3) Open Space and Gardens
While there is more open space proposed than the minimum suggested by the Brief and in fact required by the Local Plan, we might still hope that a City Council lead development might attempt to be an exemplar for the provision of open space. The proposals make inadequate allowance for open space for the new dwellings, let alone to compensate the local community for the existing lack of provision.
a) The Design and Access Statement (Table 2, p127) states that there should be 0.77 Ha to meet the requirements of the Cambridge Local Plan (2006)
b) The high housing density of the CIP proposal has been achieved at the expense of any garden space for the houses. In a development where family houses seem to be restricted to ‘yards’ no more than 8 metres length, it should be essential to provide sufficient open space for the new occupants.
4) Community facilities and additionality
The proposals for community facilities are grossly inadequate and do not reflect the Brief.

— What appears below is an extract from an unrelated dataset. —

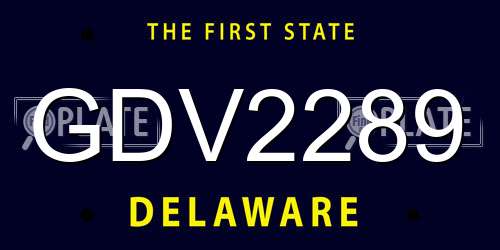 GDV2289 Delaware License Plate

a) The Brief assumes that the development will provide an opportunity to provide community facilities for both the new residents and the existing local community. The proposal to ask the YMCA to provide community facilities on the site is at the cost of losing the current facilities on Gonville Place. The figures provided to the consultation of 100m2 of community space shows no increase in provision, as this merely matches the existing space on Gonville Place which will be lost under the proposed scheme.

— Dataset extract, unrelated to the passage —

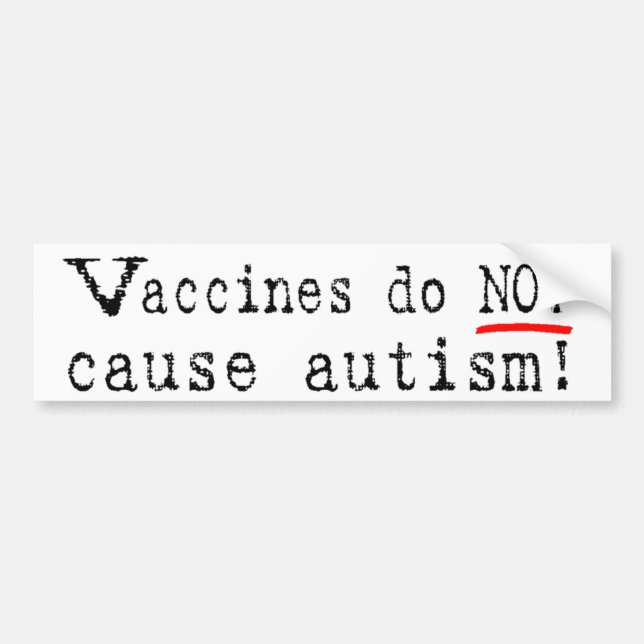 Autocollant De Voiture Les vaccins ne causent pas l'adhésif pour (Devant)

b) There is no provision for community control of any community facilities.
c) The time-line in CIP proposals show that the planning application for the YMCA development, including the community facilities, will not be submitted for planning until after the CIP planning application for rest of the site. It is not acceptable for the CIP to make a planning application based on a promise of provision by a third party in a later application and development. Indeed, the St. Matthews community has seen the folly of this approach where repeated schemes at the old Howard Mallet Community Centre site have failed to deliver on the promises of the original applicants.
5) “Affordable” housing and alternative tenures.

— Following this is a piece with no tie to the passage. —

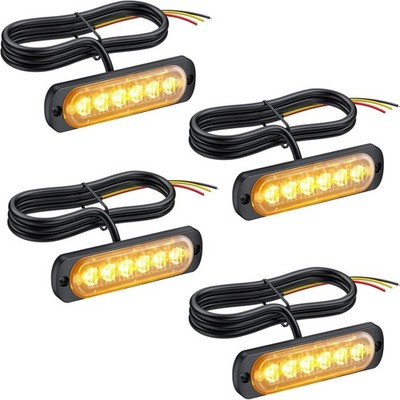 4x Auto 6 LED Frontblitzer Warnleuchten Blitzlicht Strobe Leuchte 12V/24V LKW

The suggested proportion of ‘affordable housing’ is disappointing, given the existing Council ownership of the site. The Brief’s references to supporting alternative forms of tenure such as co-operatives have been ignored.
a) The CIP proposals suggest that 50% of the housing will be “affordable”. While this exceeds the Brief, it is a disappointing proposal for land which is already in the City Council’s ownership. If the Council expects at least 40% of affordable housing on land sold for development, the CIP should be proposing considerably more affordable housing on this site, which is land already owned by the Council.
b) The Brief refers to co-operative tenures and in the past the council has shown an interest in supporting alternative forms tenure, such as the Housing Co-operative and the K1 Co-housing project. There is also research from organisations such as the New Economics Foundation to show that alternative approaches to land ownership, such as Community Land Trusts, can enable land value to be retained by the community and house prices to be both affordable and resistant to market pressures. However, there is no mention of these issues in the CIP proposals.
c) The proposals do not describe or discuss the financial model for the development or make any case for limiting the scope of affordable housing and options for alternative tenures and ownership models. Only if this information is provided can the local community and the planning department evaluate the justifications for departing from the Brief or for failing to provide an exemplary scheme for the city.